For your viewing pleasure

Published 10:06 am Saturday, October 10, 2009

Cable television broadcasts of Franklin City Council meetings, beginning as soon as this month, will build on council members’ efforts over the past year to make city government more transparent and more accessible to the citizenry.

It is, on balance, a positive development — and responsive to the strong message voters sent in the May 2008 city elections about their desire to be better informed.

It is not without disadvantages, however.

Having covered both televised and non-televised meetings during my many years of community journalism, I’ve seen first-hand the downsides of the former.
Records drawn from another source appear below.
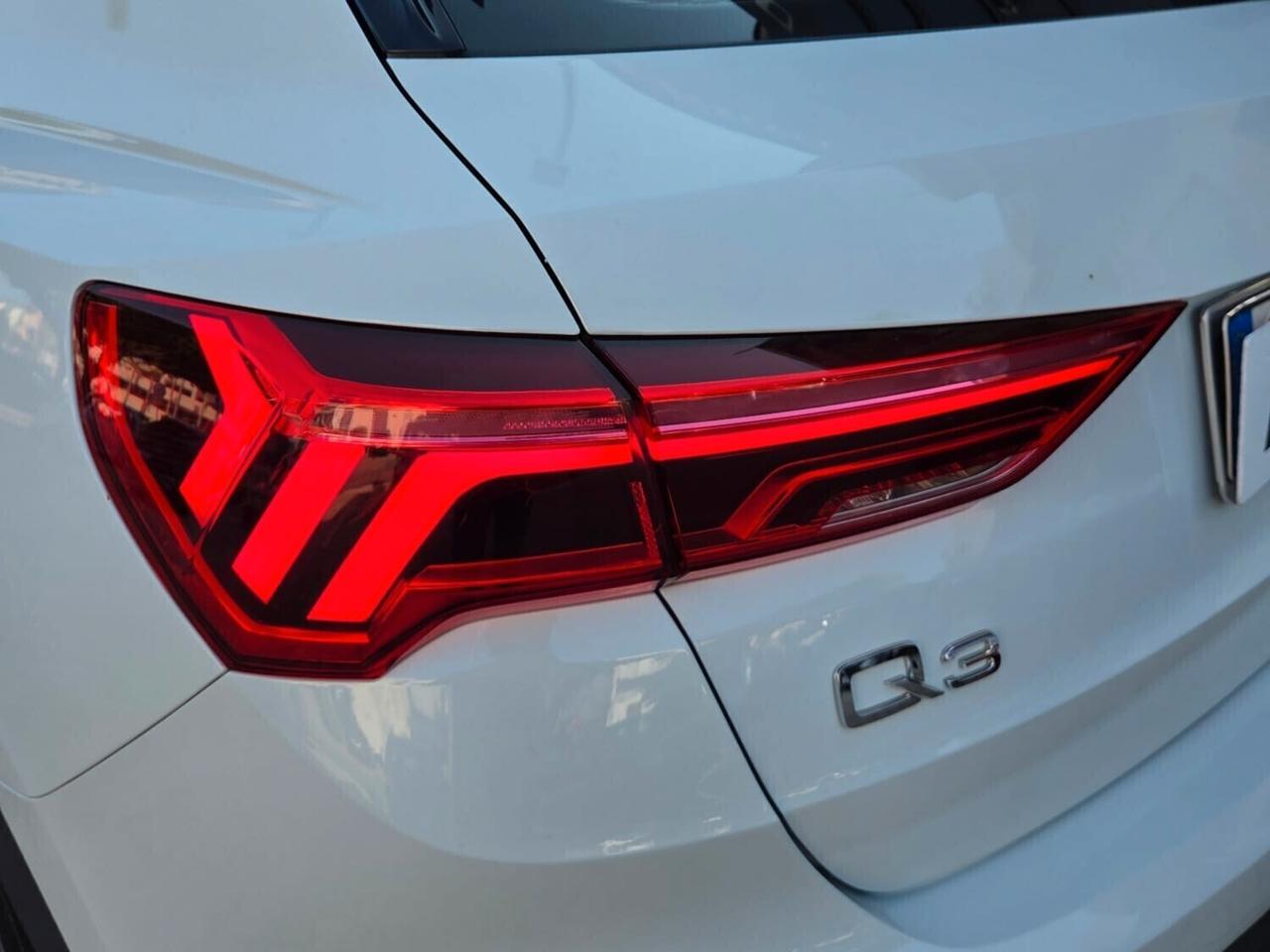 Audi Q3 40 TDI QUATTRO S tronic Business 190 cv
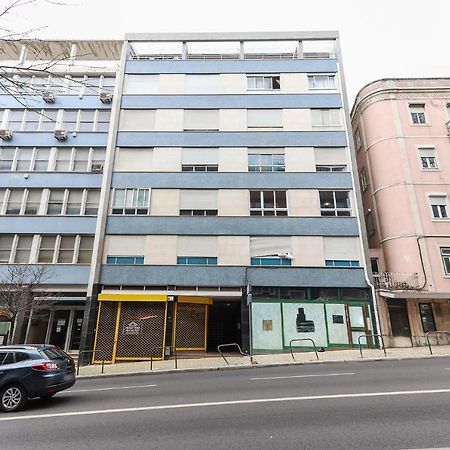 Charming Marques By Homing Apartment Lisboa Екстериор снимка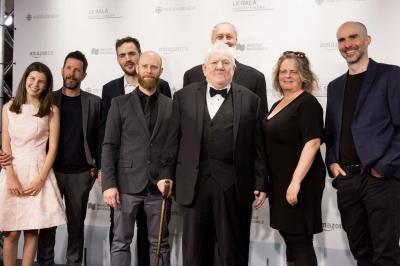 Les photos du Gala Québec Cinéma ! _58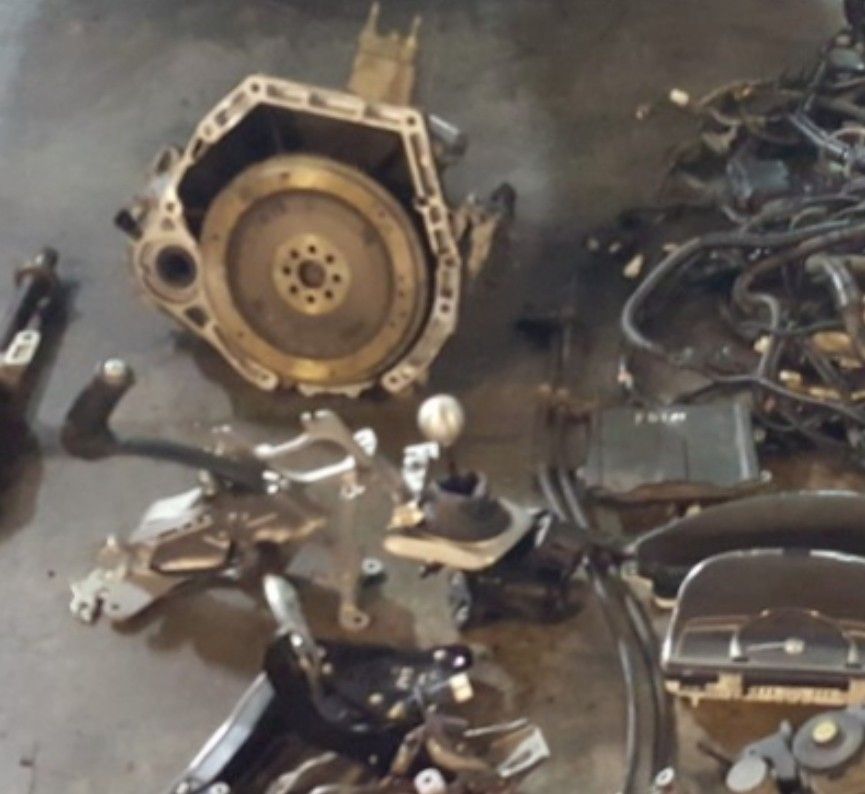 HONDA CIVIC FD MANUAL GEARBOX SET, Car Accessories, Accessories on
Primarily, look for council meetings to last longer. It’s no coincidence that meetings of the Isle of Wight County Board of Supervisors, which are taped for later broadcast on cable, last longer than do meetings of the Southampton County Board of Supervisors, which are not televised.

Invariably, televised meetings attract those who like to pontificate for the cameras. “Citizens’ Time” and other public-comment portions of City Council meetings will draw more citizens. That’s a good thing generally, but know that it won’t all be quality dialog. It’s a given that gadflies will proliferate, given a new forum and expanded audience for their soapboxes.
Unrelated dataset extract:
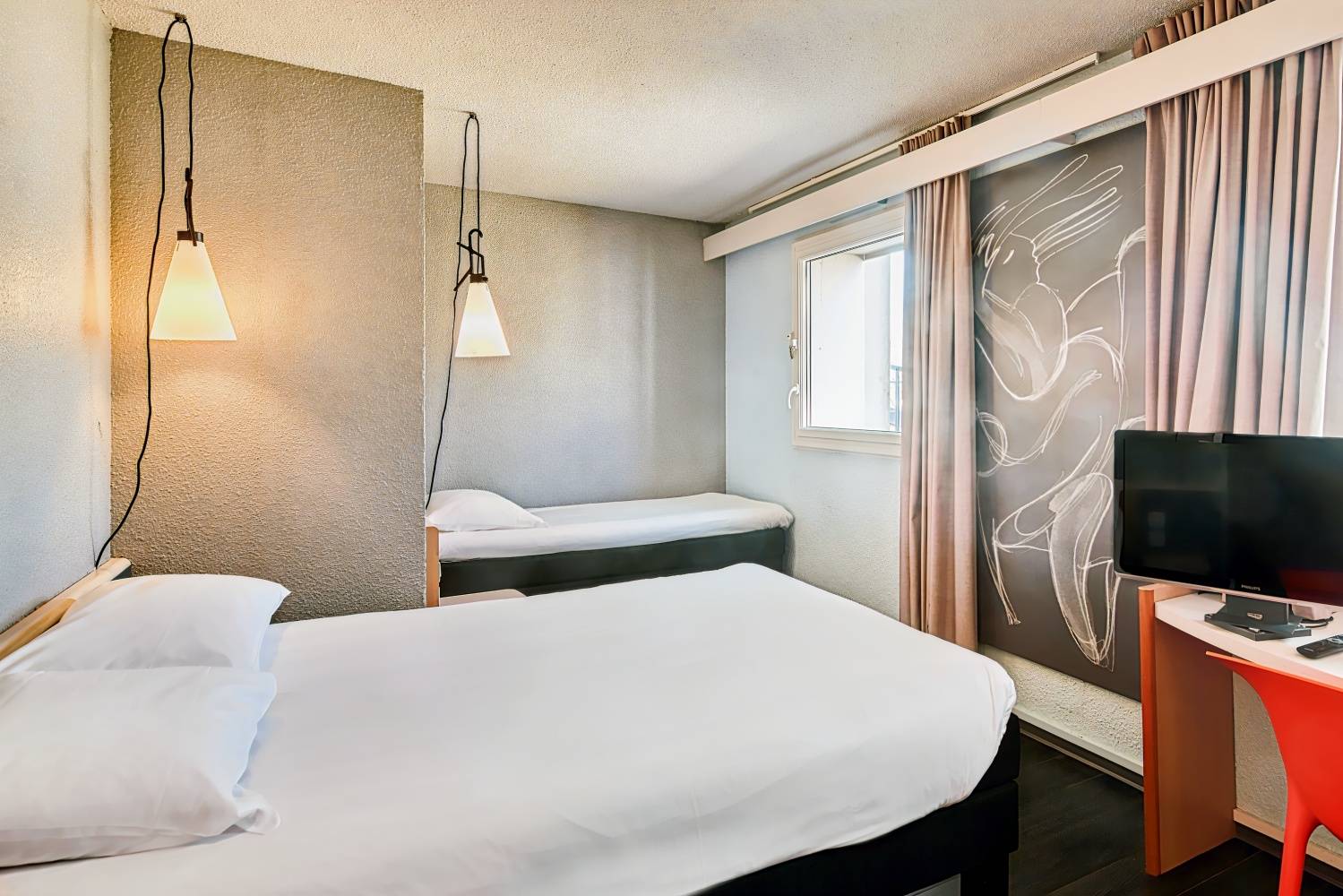 B&B Hôtel Paris Versailles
Board members themselves are prone to getting caught up in the spirit of pontification, especially at election time. This shouldn’t be a big problem for the current Franklin council, whose members tend not to be proud orators.

The job of the presiding officer — Franklin Mayor Jim Councill, or Vice Mayor Raystine Johnson in his absence — will become tougher. The council’s reasonable time limits on citizen participation must be enforced, lest a meeting drag on all night. Cutting off a speaker can be a tricky balancing act between firm leadership and heavy-handedness.
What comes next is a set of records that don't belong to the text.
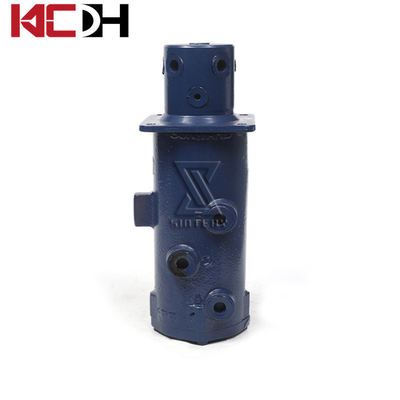 Hydraulic Central Swivel Joint Assembly For Sunward SWE50 Excavator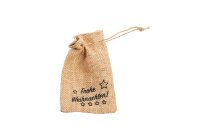 Jute-Beutel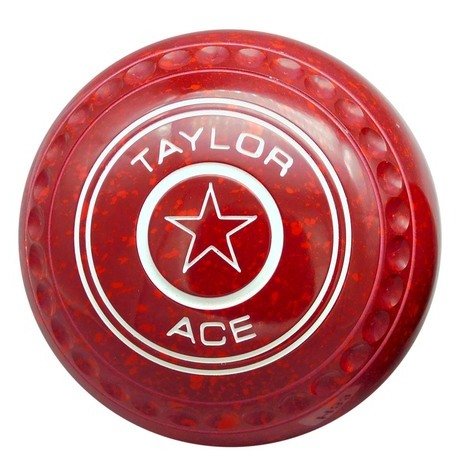 ACE MAROON/RED SIZE 0000(QUAD) Heavy PROGRIP (H83)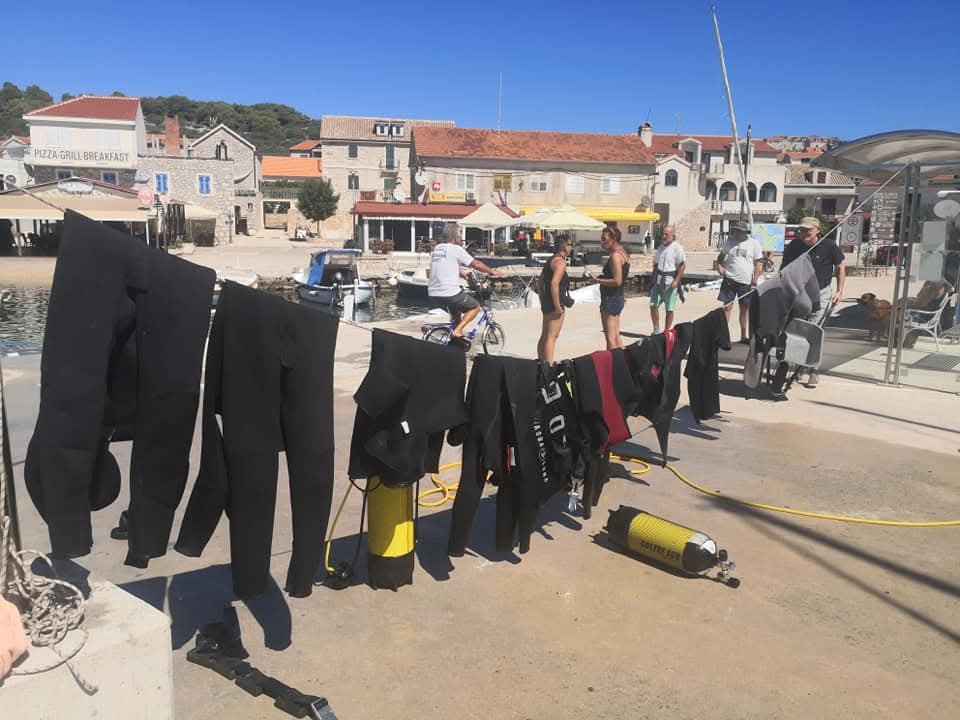 Iva Martinović Sabljić svestrana je volonterka iz Zatona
Cameras can encourage violations of other rules of decorum, so the chairman must work hard to remain in control.

Televised meetings, in rarer cases, can have the opposite effect. Camera-shy people, whether council members, staff members or citizens, will resist the urge to speak out because of how they will come across on TV. Anything that restrains candor is unfortunate.

Those are inconveniences that can be tolerated — and controlled, to the best extent possible — in exchange for the overriding benefit of a more accessible government.

There’s a misnomer that government should be pretty and smooth. Effective government rarely is. Lawmaking often has been compared to sausage-making, and the metaphor is apt.

More important than appearance is authenticity — and the ability of citizens to see for themselves their government at work, warts and all.